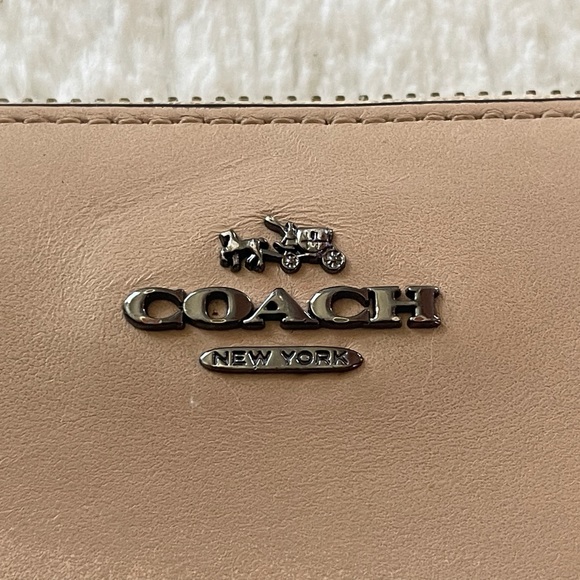 Coach Zip around Wallet GUC - Picture 2 of 9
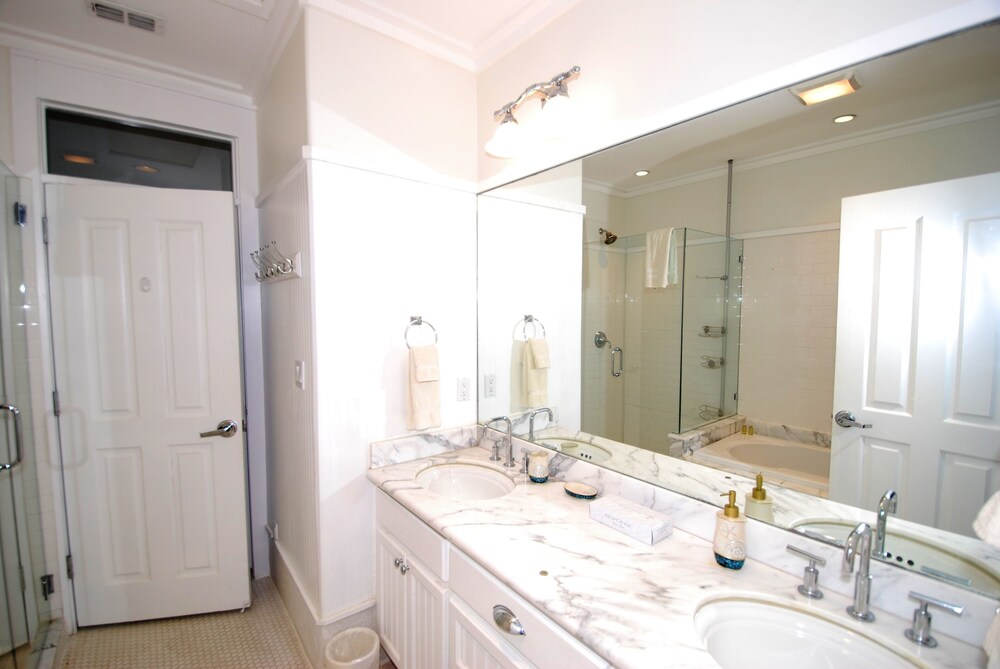 Avalon - Townhouse At The Shores 4 Bedroom Home by RedAwning view 2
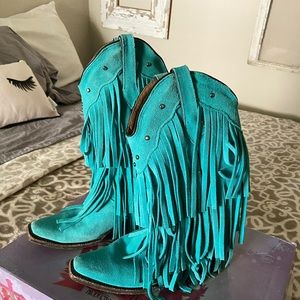 Women’s cowboy boots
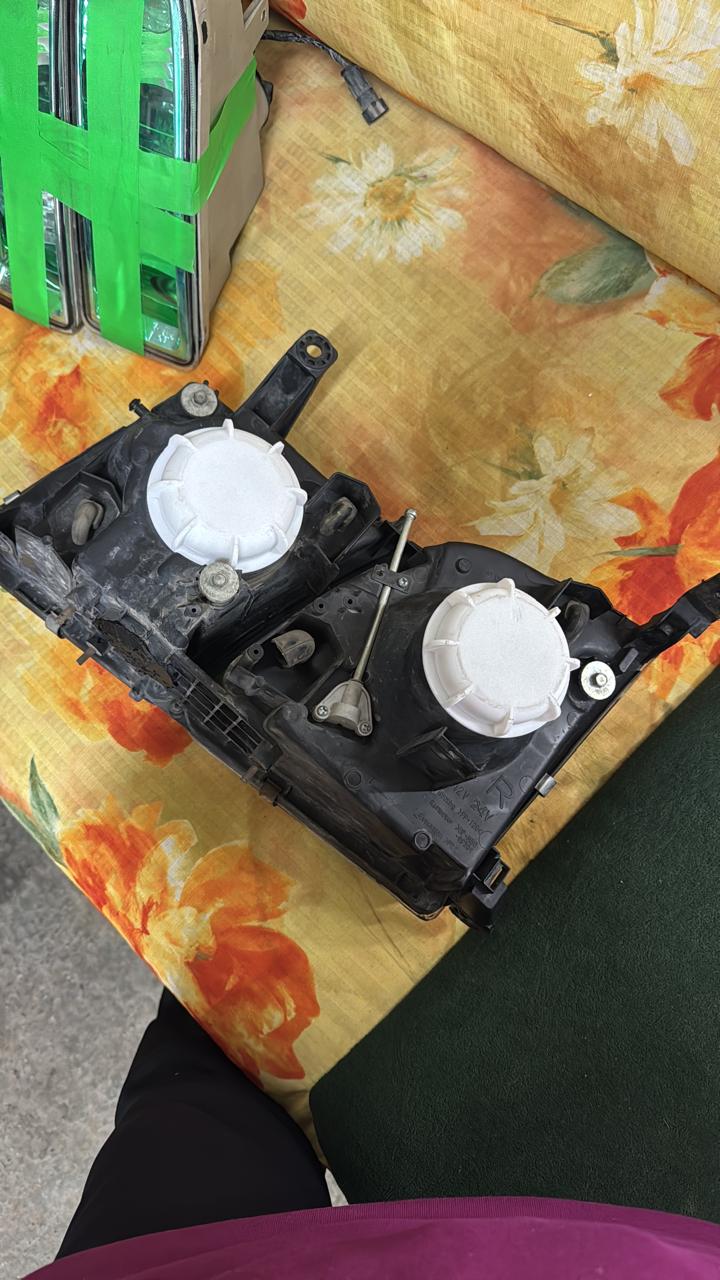 Lexus headlamp dustcover
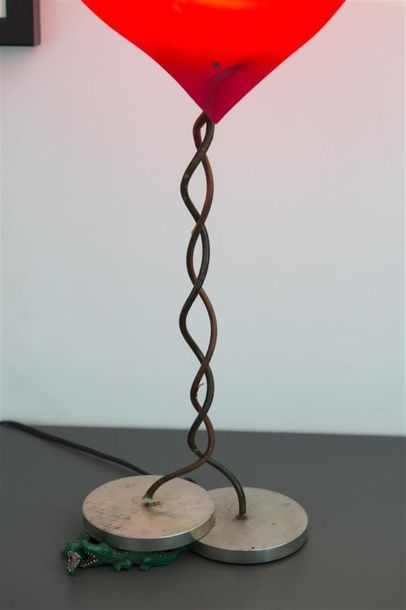 null Ingo MAURER (Né en 1932)
Lampe à poser modèle «One from te heart» en métal,...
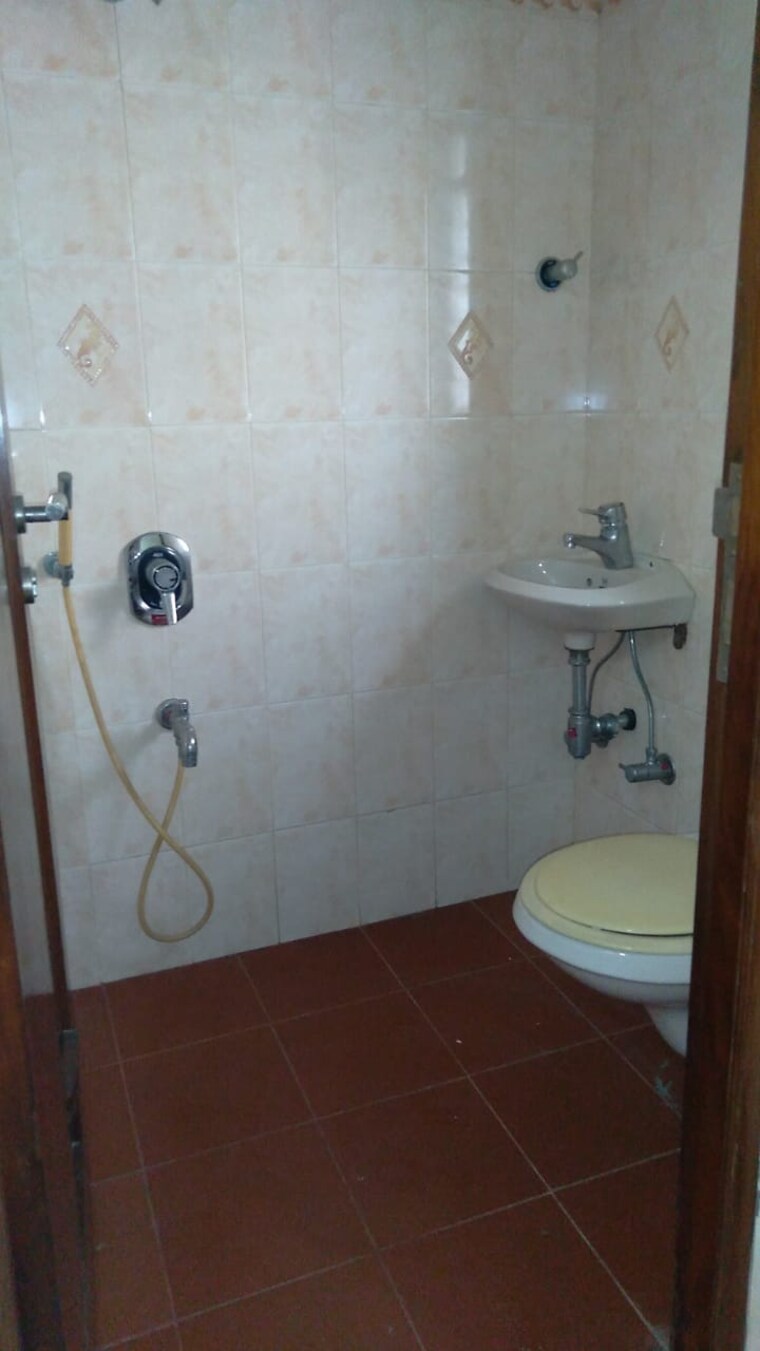 Master Bedroom, colaba 1 RK 325 Sq.Ft. Apartment In Colaba Mumbai 9274169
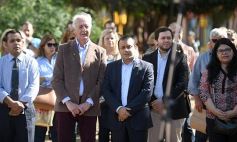 Foto de la galería: Misiones recordó a las víctimas de la AMIA con un acto en la plaza 9 de Julio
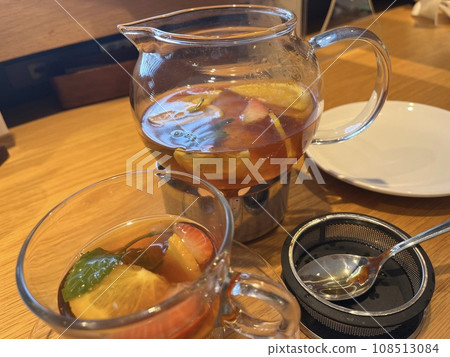 將茶倒入茶杯中 108513084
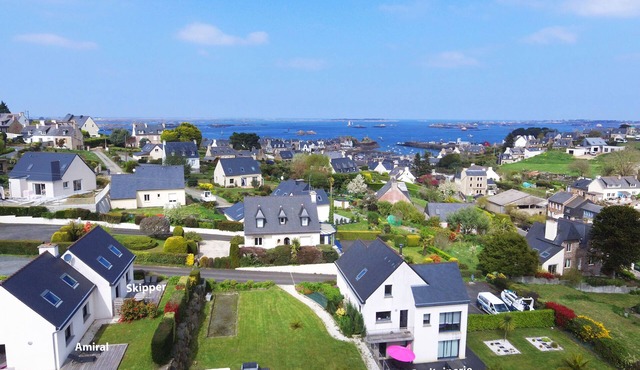 Gite la Capitainerie (5 stars) - private spa facing Brehat- Paimpol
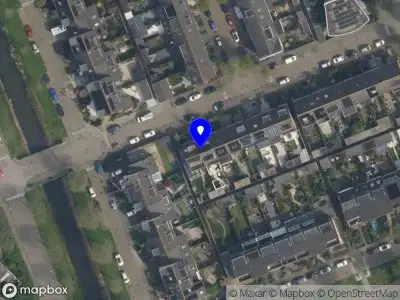 Ambulance met grote spoed naar de Truus Wijsmullerstraat in Pijnacker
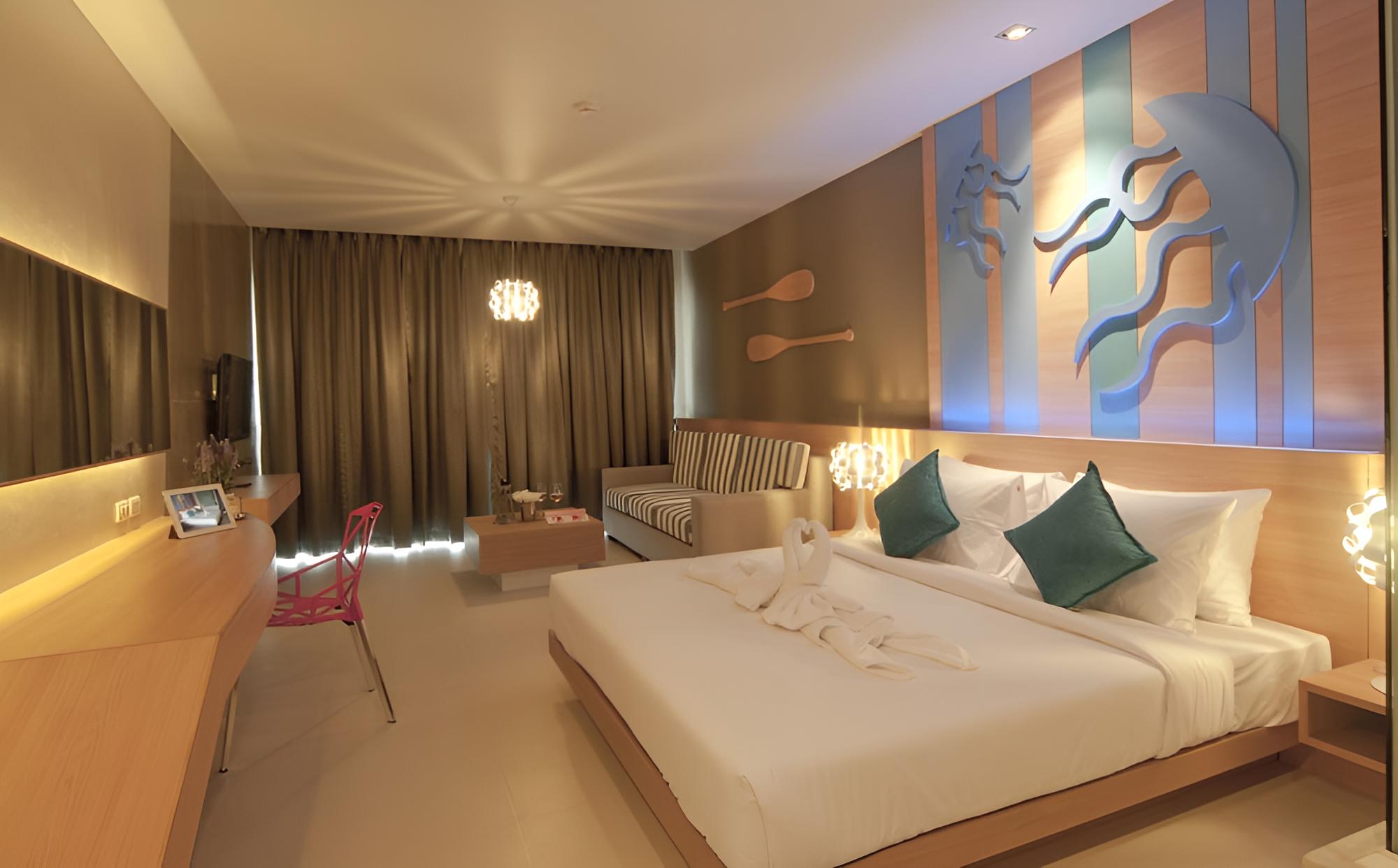 Ratana Apart-Hotel at Kamala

····················

### ACTIVITY
Lines from the one containing "Avalon - Townhouse" through the end of the material above must be reproduced exactly; pictures must not be.

### EXERCISE RESPONSE
 Avalon - Townhouse At The Shores 4 Bedroom Home by RedAwning view 2
 Women’s cowboy boots
 Lexus headlamp dustcover
 null Ingo MAURER (Né en 1932)
Lampe à poser modèle «One from te heart» en métal,...
 Master Bedroom, colaba 1 RK 325 Sq.Ft. Apartment In Colaba Mumbai 9274169
 Foto de la galería: Misiones recordó a las víctimas de la AMIA con un acto en la plaza 9 de Julio
 將茶倒入茶杯中 108513084
 Gite la Capitainerie (5 stars) - private spa facing Brehat- Paimpol
 Ambulance met grote spoed naar de Truus Wijsmullerstraat in Pijnacker
 Ratana Apart-Hotel at Kamala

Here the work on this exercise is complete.